Notas iniciais
Então, eu não postei esses dias por falta de criatividade, tempo e preguiça. Mas principalmente pela falta de reviews. Se continuar nesse ritmo, eu terei que abandonar essa fic.

Dois dias antes do capítulo anterior

–E então nossos heróis conseguem desbravar a imensa floresta de bambus e agora estão presos em uma floresta pré-histórica, correndo sérios riscos de ser pego por um furioso predador! Será que eles conseguirão sobreviver? Saiba disso e outras coisas hoje, em Per... – Um homem, com camisa branca, de manga rasgada, moreno, shorts amarelos e olhos negros estava imitando a voz de um narrador.

–Da pra parar com essa merda e continuar andando? – Outro homem, um pouco mais jovem, com cabelos também pretos, olhos azuis, com uma vestimenta totalmente branca o interrompeu.

–É a única coisa que me distrai e me permite esquecer desses frangos gigantes.

–Você não vai querer se distrair agora.

Três homens e duas mulheres estavam andando por uma floresta, procurando algum lugar para ficar.

–Há quanto tempo estamos andando? — Uma das mulheres – de cabelos e olhos castanhos encaracolados, que iam até seus ombros, usava uma blusa azul e shorts que iam até seus joelhos; possuía uma cicatriz feita recentemente em sua nuca que parecia ter sido feita por mordidas – indagou.

–Dez minutos – Um homem – que aparentava ser mais velho que todos; possuía cabelos loiros e grisalhos, usava uma camisa de botão e uma calça jeans escura – a respondeu.

–Dez minutos?! Parece que estamos caminhando a cinco horas!

–Calma Jane – A outra mulher – morena, olhos verdes, blusa e shorts verdes – falou – Você se lembra de quanto andamos para achar aquele lago até que fomos atacados por um deles?

–Lane disse a verdade – O homem de branco falou – Se não fosse por Fred nós não estaríamos aqui.

–Foi só o acaso – Fred – o homem de cabelos grisalhos – falou.

–Ei, Luke, vem ver isso aqui! – O moreno olhava para o céu como se estivesse olhando para um avião cair em sua direção.

–O quê? – Luke — o homem de branco correu até ele – Oh, Deus... Se isso cair daí tem sérias chances de explodir.

–O que vocês acharam aí? – Lane foi até eles.

–Foi aqui que você aterrissou? – Luke perguntou a Fred, que foi até eles junto com Jane.

–Não, eu pulei dele antes – Fred olhou para o avião partindo os cipós e galhos de uma árvore.

–Pulou antes? – Indagou Jane – Eu também vim parar aqui por ele.

–Alguém abriu uma passagem no ataque.

–Ataque? – Perguntou Luke.

–Um bando de pássaros furiosos atacou o avião e fizeram uma abertura, alguns passaram por ela, eu acabei caindo em uma árvore, foi quando encontrei vocês.

–Eu também pulei, mas acabei recebendo uma pancada na minha perna quando caí na água do rio e fui levada pela correnteza – Disse Lane.

–Eu... – Jane foi interrompida pelo barulho de cipós se partindo e todos olharam para cima.

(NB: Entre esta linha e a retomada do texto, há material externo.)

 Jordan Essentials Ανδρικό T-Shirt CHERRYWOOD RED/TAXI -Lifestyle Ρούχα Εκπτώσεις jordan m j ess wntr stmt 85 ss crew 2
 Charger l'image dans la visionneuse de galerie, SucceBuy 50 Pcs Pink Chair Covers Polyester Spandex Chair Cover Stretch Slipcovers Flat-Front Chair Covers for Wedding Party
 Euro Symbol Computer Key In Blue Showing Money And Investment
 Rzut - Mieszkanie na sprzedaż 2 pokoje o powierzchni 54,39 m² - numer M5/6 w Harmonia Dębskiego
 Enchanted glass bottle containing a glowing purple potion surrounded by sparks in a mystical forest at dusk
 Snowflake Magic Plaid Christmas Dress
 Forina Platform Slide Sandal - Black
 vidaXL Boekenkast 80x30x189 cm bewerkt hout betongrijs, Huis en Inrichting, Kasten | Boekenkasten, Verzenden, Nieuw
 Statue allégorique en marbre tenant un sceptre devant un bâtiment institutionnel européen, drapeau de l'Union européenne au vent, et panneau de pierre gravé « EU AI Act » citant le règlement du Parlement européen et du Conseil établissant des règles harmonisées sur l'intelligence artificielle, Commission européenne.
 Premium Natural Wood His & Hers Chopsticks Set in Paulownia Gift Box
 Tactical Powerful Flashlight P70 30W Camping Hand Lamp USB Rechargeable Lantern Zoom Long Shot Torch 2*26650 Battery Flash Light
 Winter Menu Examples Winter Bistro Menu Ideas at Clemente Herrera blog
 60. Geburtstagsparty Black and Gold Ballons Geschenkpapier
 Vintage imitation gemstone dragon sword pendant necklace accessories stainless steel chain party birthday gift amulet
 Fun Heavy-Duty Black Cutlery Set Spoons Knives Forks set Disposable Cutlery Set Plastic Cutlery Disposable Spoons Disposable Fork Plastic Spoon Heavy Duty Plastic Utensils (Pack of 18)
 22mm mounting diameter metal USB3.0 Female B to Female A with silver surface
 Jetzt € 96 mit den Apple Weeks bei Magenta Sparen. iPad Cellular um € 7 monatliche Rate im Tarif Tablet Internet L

O avião estava caindo.

–Acho melhor sair de perto – Bunch – o moreno – deu um passo para trás.

–Acho que temos companhia – Lane olhou para as árvores se movendo violentamente.

–Rápido, vamos! – Jane gritou enquanto todos começaram a correr.

–Droga, cadê aquele idiota?! – Luke parou derrapando, olhou para trás e viu Bunch caído no chão.

–Me ajudem! Me ajudem!! – Bunch estava em condições de correr, mas por um motivo não se levantava.

–Droga! Sai daí! Agora! Sai e corre!

Bunch soluçou pedindo ajuda, até que viu uma coisa enorme aparecendo entre as árvores, Bunch se levantou rapidamente e correu. Mas foi pego pelas mandíbulas brancas do animal, ao mesmo tempo em que avião que se soltou, e acabou batendo nas costas do mesmo, fazendo o para-brisa se trincar — quase quebrando e fazendo voarem vidros para todo o lugar – e se ensanguentar. O animal branco logo se distanciou do avião, e o mesmo bateu seu tanque de combustível violentamente em uma pedra, explodindo. O lagarto branco de olhos vermelhos foi levemente atingido, e se não se apoiasse em suas patas dianteiras, teria caído.

O restante do grupo parou e olharam para trás. E mesmo com muita carne em sua boca, voltou ao caminho e rugiu para eles.

–Ele vai nos atacar mesmo já tendo comido? – Perguntou Luke.

–Esse deve ser o território dele – Lane arriscou – Alguns predadores atacam qualquer um que chegar perto.

–Ou então deve estar nos espantando.

–E ele conseguiu – Jane olhou para o lagarto abrindo e fechando a boca, indo até eles com passos cada vez mais rápidos, e então todos começaram a correr novamente.

–Eu não vou conseguir! – Lane começou a perder o equilíbrio e caiu em uma derrapada. O lagarto logo percebeu e foi até ela.

–Aqui! –Fred gritou balançando o braço – Vem me pegar! – O lagarto olhou, mas não deu atenção, então Fred pegou uma pedra grande com as duas mãos e jogou no lagarto, que deixou Lane de lado e foi até ele.

Fred começou a correr até se juntar com Luke.

–Olha, cara – Disse Luke correndo – Eu não posso morrer aqui! – Luke colocou o pé na frente de Fred, o fazendo cair, mas se desequilibrou um pouco e acabou caindo debaixo de alguns troncos caídos. Luke apenas ouviu o barulho de passos, deduziu que Fred teve uma morte rápida. Debruçou-se e foi até a saída. Mas quando olhou para trás, viu o enorme dinossauro branco olhando para ele. Ficou paralisado. O dinossauro apenas olhava e mexia o focinho para a saída. Luke saiu do lugar e se levantou. O dinossauro teria lhe dado uma chance? Ele tinha evoluído o bastante para “gostar” dele? Ele iria o deixar sobrevi...

Então o dinossauro o pegou com suas garras e o jogou para cima, abocanhou suas pernas e o jogou-o violentamente em uma rocha. A pancada foi na cabeça, Luke morreu na hora.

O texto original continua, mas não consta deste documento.